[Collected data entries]
·····

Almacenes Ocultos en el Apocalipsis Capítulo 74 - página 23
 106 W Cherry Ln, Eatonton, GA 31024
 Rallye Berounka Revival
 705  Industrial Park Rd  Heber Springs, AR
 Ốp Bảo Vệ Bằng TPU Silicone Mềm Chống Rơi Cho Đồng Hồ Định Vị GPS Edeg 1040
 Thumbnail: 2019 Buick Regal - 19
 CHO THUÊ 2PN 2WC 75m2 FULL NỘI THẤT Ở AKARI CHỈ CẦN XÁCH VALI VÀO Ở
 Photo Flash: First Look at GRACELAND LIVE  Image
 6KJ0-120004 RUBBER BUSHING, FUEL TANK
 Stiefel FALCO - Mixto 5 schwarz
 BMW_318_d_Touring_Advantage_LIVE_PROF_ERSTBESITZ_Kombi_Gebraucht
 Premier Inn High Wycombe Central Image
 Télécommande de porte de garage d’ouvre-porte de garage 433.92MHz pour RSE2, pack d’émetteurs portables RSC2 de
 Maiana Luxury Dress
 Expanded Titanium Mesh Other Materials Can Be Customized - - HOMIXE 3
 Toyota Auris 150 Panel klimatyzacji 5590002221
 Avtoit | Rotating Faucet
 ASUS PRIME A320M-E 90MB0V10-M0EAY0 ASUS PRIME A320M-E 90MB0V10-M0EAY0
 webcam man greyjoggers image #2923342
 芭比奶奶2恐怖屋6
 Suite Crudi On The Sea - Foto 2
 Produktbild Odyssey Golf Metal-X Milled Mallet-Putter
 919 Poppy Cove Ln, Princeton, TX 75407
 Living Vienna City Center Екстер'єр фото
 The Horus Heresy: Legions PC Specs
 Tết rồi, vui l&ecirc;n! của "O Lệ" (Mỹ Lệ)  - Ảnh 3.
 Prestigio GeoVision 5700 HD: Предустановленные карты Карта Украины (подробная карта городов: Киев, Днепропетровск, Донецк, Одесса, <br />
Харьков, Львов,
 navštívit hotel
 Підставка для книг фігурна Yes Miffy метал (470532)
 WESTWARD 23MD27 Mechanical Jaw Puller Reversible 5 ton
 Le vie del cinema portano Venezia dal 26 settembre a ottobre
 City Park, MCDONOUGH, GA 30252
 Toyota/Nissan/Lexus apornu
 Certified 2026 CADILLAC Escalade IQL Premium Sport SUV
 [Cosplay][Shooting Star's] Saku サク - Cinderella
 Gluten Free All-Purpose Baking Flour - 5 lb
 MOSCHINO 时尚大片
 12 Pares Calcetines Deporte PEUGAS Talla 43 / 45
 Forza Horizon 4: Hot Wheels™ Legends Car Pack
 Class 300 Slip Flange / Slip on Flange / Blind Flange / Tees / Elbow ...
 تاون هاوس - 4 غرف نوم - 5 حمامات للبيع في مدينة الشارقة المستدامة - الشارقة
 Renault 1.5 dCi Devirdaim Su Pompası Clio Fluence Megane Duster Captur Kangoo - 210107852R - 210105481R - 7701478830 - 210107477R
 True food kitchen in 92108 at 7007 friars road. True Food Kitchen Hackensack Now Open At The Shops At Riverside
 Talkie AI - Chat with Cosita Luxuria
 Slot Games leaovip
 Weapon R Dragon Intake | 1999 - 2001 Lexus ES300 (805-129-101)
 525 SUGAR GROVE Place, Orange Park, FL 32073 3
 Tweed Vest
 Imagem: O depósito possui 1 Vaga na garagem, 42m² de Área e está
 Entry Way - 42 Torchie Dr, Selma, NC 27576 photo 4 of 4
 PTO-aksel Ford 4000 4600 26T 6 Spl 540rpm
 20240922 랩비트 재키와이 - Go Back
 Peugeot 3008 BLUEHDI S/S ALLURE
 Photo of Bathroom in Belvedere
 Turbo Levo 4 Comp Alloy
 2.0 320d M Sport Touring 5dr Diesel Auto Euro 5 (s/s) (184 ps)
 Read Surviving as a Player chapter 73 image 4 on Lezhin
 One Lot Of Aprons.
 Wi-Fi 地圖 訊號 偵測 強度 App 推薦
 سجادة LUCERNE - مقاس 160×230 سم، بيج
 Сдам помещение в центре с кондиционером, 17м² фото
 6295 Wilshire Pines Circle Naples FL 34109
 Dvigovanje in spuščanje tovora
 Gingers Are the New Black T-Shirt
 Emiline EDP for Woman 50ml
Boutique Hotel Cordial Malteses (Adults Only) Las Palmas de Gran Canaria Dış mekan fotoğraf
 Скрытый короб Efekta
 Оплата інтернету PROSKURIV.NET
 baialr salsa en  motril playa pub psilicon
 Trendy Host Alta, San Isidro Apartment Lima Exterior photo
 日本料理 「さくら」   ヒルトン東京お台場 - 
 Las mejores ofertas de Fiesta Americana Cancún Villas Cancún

·····

Copy each line in the data that holds the word "Sport".

 Certified 2026 CADILLAC Escalade IQL Premium Sport SUV
 2.0 320d M Sport Touring 5dr Diesel Auto Euro 5 (s/s) (184 ps)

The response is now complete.